This Pinoy Harry Experience

published in the national daily newspaper Malaya, February 4, 2002

We were crazy to begin with, to think of watching the Harry Potter movie on its first day. But finding that it was showing in two theaters, with one having a line that would put the University of Pila registration to shame, my friend and I decided to try our luck with the other theater. It didn’t matter that we would enter in the middle of the movie – heck, we know the rest of Harry’s story beyond the sorcerer’s stone.

So there we were, pre-bought baon and SM drink (everything sold in the SM theaters are now branded Shoemart) in hand, confident that our plan to watch in medias res was just perfect for people like us who really only wanted to see J.R. Rowling’s world onscreen. Of course we failed to realize that while we may have been early for those who were just stepping out of their offices, school was out by that time. And that theater was way beyond SRO mode – there was even no place to stand.

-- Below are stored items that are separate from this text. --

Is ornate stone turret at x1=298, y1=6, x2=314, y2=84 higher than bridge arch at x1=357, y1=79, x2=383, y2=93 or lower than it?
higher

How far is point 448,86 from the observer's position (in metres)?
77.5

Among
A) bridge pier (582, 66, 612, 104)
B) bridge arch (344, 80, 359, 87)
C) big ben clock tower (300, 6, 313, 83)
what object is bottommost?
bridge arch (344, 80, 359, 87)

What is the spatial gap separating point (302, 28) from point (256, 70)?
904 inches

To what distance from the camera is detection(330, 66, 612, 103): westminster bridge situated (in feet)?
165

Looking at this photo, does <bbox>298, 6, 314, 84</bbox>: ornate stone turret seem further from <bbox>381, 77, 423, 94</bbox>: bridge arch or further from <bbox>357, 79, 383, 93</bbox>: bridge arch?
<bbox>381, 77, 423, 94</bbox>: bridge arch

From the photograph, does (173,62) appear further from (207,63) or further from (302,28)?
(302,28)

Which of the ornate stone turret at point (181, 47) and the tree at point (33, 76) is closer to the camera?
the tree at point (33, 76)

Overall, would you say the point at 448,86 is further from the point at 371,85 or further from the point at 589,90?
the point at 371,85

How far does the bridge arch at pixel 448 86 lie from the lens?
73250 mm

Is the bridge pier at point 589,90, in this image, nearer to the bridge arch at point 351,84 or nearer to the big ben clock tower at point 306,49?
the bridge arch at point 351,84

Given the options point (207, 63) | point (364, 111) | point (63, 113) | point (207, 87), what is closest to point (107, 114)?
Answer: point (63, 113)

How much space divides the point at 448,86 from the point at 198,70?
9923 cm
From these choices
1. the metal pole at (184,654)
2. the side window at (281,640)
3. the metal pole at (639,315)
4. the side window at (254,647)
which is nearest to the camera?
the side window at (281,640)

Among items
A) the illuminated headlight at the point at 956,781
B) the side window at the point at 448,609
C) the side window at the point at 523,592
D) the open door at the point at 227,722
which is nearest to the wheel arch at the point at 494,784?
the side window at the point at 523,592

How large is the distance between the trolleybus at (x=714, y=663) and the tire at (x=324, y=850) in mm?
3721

We didn’t want to leave – we had gotten a glimpse of quidditch at that point. Not watching the Harry Potter movie within the day would just ruin the rest of our week. So we braved it and decided to take a chance with the balcony section which, while full, still had fewer people and even spaces on the steps to sit on.

Sooner than later, we wereable to get seats – not the most pleasant ones considering that with those crowds, the theater probably couldn’t be cleaned between screenings – but seats(!!!) on the first day of what promises to be the first Harry Potter movie. And I thought, how lucky can I get?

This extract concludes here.